What is needed →
With the pictures left aside, write out exactly the lines of the listing below from the line with "Elegant Sexy Fashion" to the line with "Robert Abbey - OX22L", both included, and only those.

++++ Task input

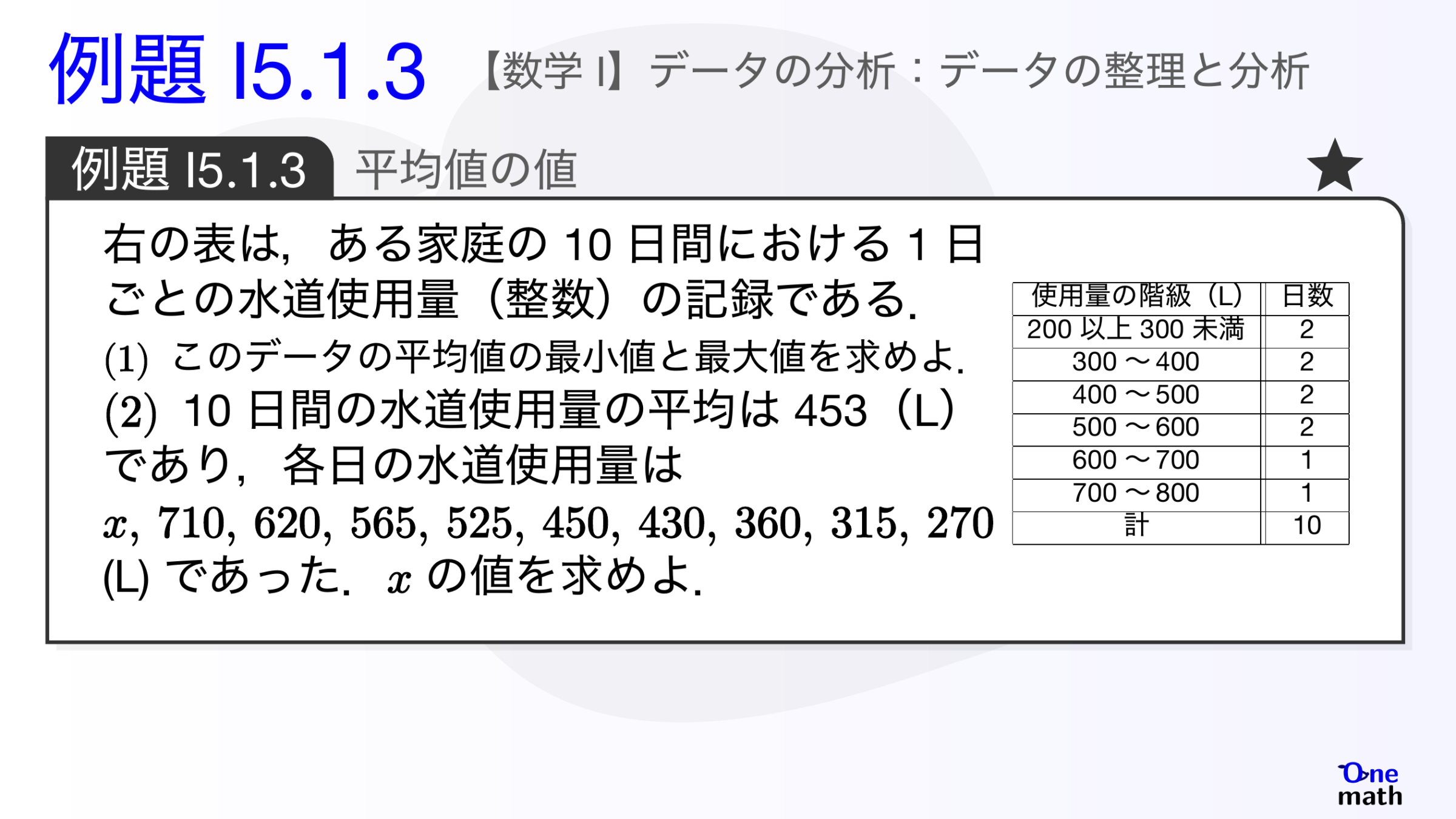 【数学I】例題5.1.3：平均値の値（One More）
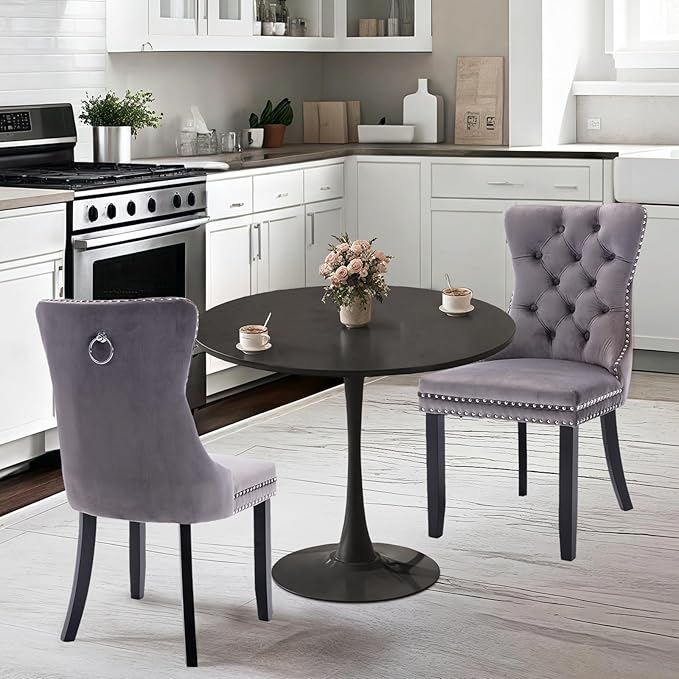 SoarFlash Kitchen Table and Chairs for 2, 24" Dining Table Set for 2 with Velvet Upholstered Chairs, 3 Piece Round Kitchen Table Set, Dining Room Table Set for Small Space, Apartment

++++++++
++++ Task input

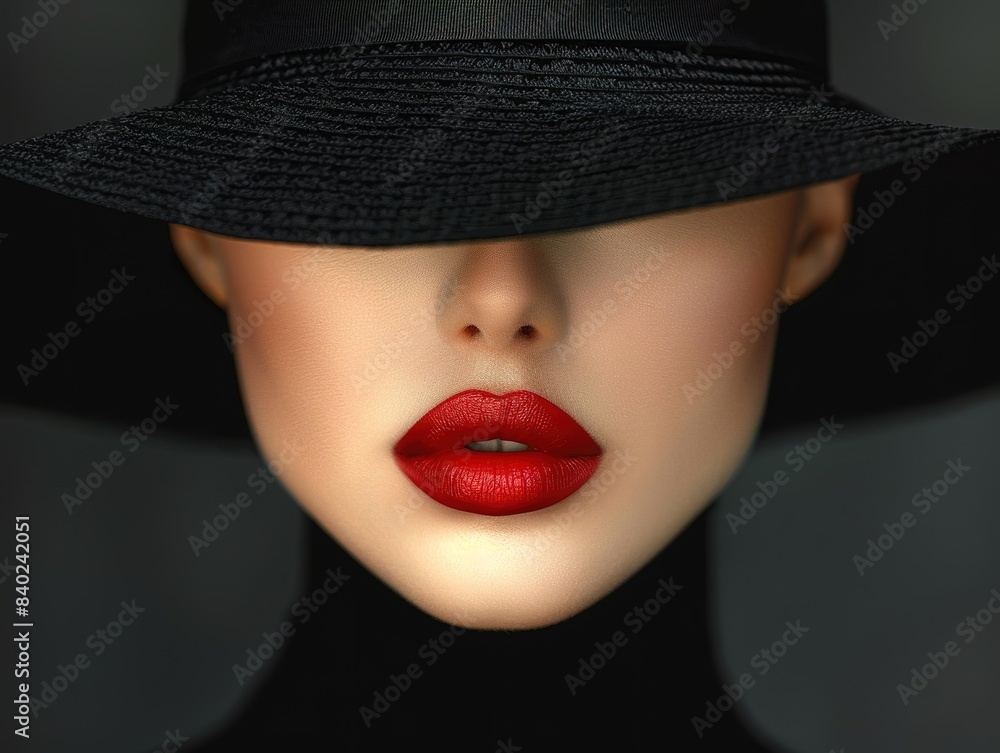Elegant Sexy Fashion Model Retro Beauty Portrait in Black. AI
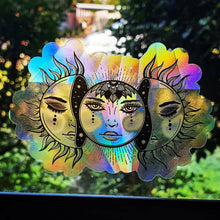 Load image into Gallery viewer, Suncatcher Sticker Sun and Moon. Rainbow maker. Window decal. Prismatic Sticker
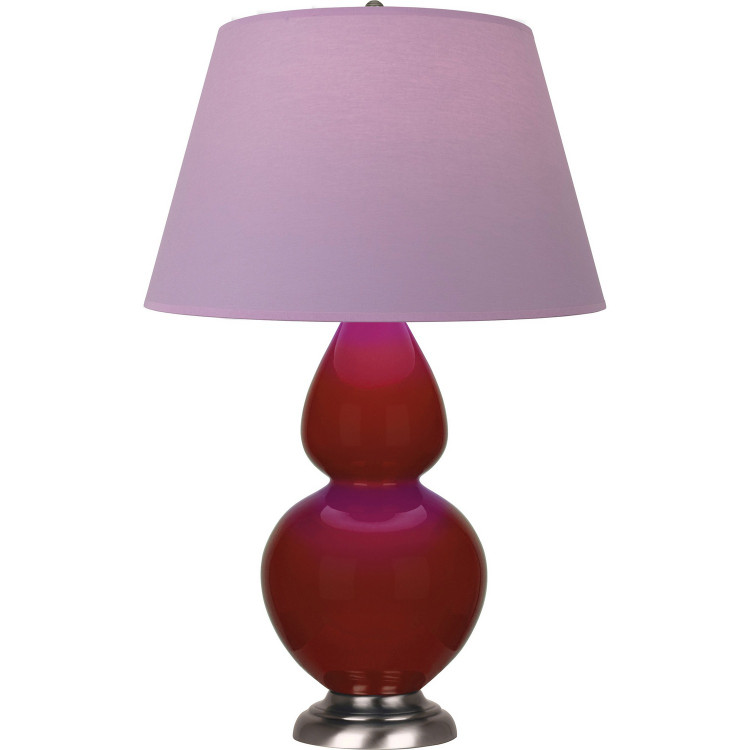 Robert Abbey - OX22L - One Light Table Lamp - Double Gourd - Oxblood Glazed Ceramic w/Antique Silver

++++++++

Response area →
Elegant Sexy Fashion Model Retro Beauty Portrait in Black. AI
 Load image into Gallery viewer, Suncatcher Sticker Sun and Moon. Rainbow maker. Window decal. Prismatic Sticker
 Robert Abbey - OX22L - One Light Table Lamp - Double Gourd - Oxblood Glazed Ceramic w/Antique Silver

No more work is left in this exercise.